Mais, un autre texte talmudique (Houlin 79a) laisse au contraire penser que l’embryon serait plutôt celui de la mère donneuse. On sait qu’il est interdit de laisser deux animaux d’espèces différentes s’accoupler. Mais le texte biblique pose la question du statut juridique des mulets (résultat du croisement d’un âne et d’une jument), mulets qui existent d’ores et déjà.
Ont-ils par exemple le droit de s’accoupler avec l’espèce animale de la mère ? La grande majorité des rabbanim convient ici de dire que l’animal appartient à l’espèce paternelle. Il est donc interdit au mulet de s’accoupler avec l’espèce maternelle. L’âne donnant son sperme à la jument porteuse donne aussi son statut juridique au mulet. Ce texte donnerait à penser que l’embryon appartient à la mère donneuse.


La question des scientifiques
de savoir combien de temps a duré
la Création, n’a aucun
sens en termes de religion


La question de la passivité
Cependant, des décisionnaires font remarquer qu’il existe une différence fondamentale entre la mère donneuse d’ovule et l’âne. En effet, dans la mise au monde du mulet, l’âne joue un rôle actif et la jument un rôle passif. Au contraire, c’est la mère porteuse qui joue un rôle actif et la mère donneuse qui joue un rôle passif (on lui enlève un ovule) dans le cas qui nous intéresse. Cette différence de fonctions entre les différents acteurs empêcherait le rapprochement des deux situations.

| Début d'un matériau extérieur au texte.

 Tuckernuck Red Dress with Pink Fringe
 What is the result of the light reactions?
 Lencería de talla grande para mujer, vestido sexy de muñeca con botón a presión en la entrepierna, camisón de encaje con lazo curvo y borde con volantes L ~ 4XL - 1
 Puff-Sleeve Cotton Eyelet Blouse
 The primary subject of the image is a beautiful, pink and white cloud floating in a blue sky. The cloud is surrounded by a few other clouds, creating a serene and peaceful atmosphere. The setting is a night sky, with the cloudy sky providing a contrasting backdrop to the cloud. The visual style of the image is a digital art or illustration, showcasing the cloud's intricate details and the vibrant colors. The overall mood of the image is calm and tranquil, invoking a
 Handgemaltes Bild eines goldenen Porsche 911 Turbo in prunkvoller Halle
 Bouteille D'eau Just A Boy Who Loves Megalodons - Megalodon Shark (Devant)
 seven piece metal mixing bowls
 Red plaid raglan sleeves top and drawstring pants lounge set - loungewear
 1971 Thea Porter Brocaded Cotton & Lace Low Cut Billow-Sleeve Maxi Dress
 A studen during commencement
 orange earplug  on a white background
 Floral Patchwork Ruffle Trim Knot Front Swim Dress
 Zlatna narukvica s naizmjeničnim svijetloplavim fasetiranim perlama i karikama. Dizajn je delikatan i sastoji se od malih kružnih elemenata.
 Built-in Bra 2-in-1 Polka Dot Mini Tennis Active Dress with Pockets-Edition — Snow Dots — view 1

Finalement, on peut dire que c’est le sujet le plus actif qui donne son statut à l’embryon. Cette opinion, qui est celle de la majorité, tend donc à donner pour statut à l’embryon celui de la mère porteuse. Il existe en général dans la Halakha (dans le droit juif) plusieurs textes pour résoudre un problème. Si ces textes mènent à des conclusions différentes, il importe de ne pas céder à la tentation première de l’impression morale.

Propos recueillis par Emmanuel Nefussi

1 - Cf. par exemple Rabbi Elyahou, le Gaon de Vilna, ou Rabbi Moshé ben Nahman, Nahmanide
2 - Nous préférons traduire le terme hébreu maassé par « geste » ou « fait » plutôt que par « acte ».
3 - Ce cas est transposable au cas qui nous intéresse car le droit ne s’intéresse pas aux sujets. Si la fonction, c’est-à-dire la nature du lien qui unit une chose à une autre, est la même dans deux situations alors la même loi doit pouvoir s’appliquer. Ce qui importe c’est la fonction et non le cas particulier du sujet.